Il a en effet laissé entendre à quelques reprises qu’un report n’était pas exclu. L’opération s’annonce toutefois complexe. En avril et en mai, les équipes des trois circuits juniors canadiens sont en séries ; de nombreux joueurs seraient donc indisponibles.

Toujours en mai, c’est aussi le Championnat du monde sénior et le congrès annuel de l’IIHF. « Donc, ça nous mène en juin. Il faut regarder si les patinoires sont disponibles. Je ne m’avancerai pas », a-t-il dit.

On peut ajouter à cela des questions sur l’engouement que susciterait un tournoi en plein été, aux guichets comme à la télévision.

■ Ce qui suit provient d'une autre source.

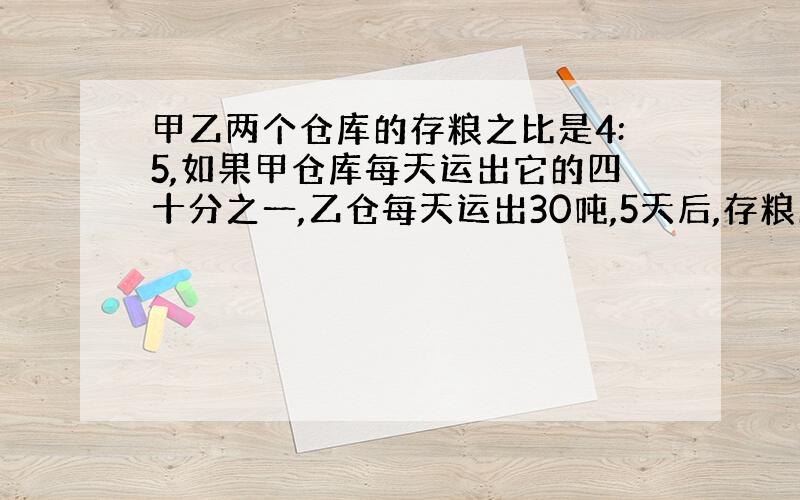 甲乙两个仓库的存粮之比是4:5,如果甲仓库每天运出它的四十分之一,乙仓每天运出30吨,5天后,存粮比7:9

Les séries de la LNH s’étireront assurément jusqu’à la fin de juin. Les cotes d’écoute de la finale 2021 de la Coupe Stanley, qui s’est conclue en juillet, ont laissé la LNH tiède. On peut aussi se demander ce que penseraient les équipes de la LNH de laisser leurs meilleurs espoirs jouer aussi tard en été, sachant le temps de récupération nécessaire en vue de la campagne 2022-2023.

Dans ces circonstances, le report du tournoi ressemble peut-être un peu plus à un vœu pieux.

Terminé pour Guhle, Mysak et Kapanen

PHOTO JASON FRANSON, LA PRESSE CANADIENNE

Kaiden Guhle (21)

Le Canadien comptait trois espoirs à ce tournoi : Kaiden Guhle (Canada), Jan Mysak (République tchèque) et Oliver Kapanen (Finlande), les deux premiers dans le rôle de capitaine. Les trois joueurs ont disputé deux matchs chacun. Mysak a inscrit un but, Guhle, une passe, tandis que Kapanen a été blanchi. Mysak a joué en moyenne 19 minutes par match, de loin le plus haut total de son équipe chez les attaquants.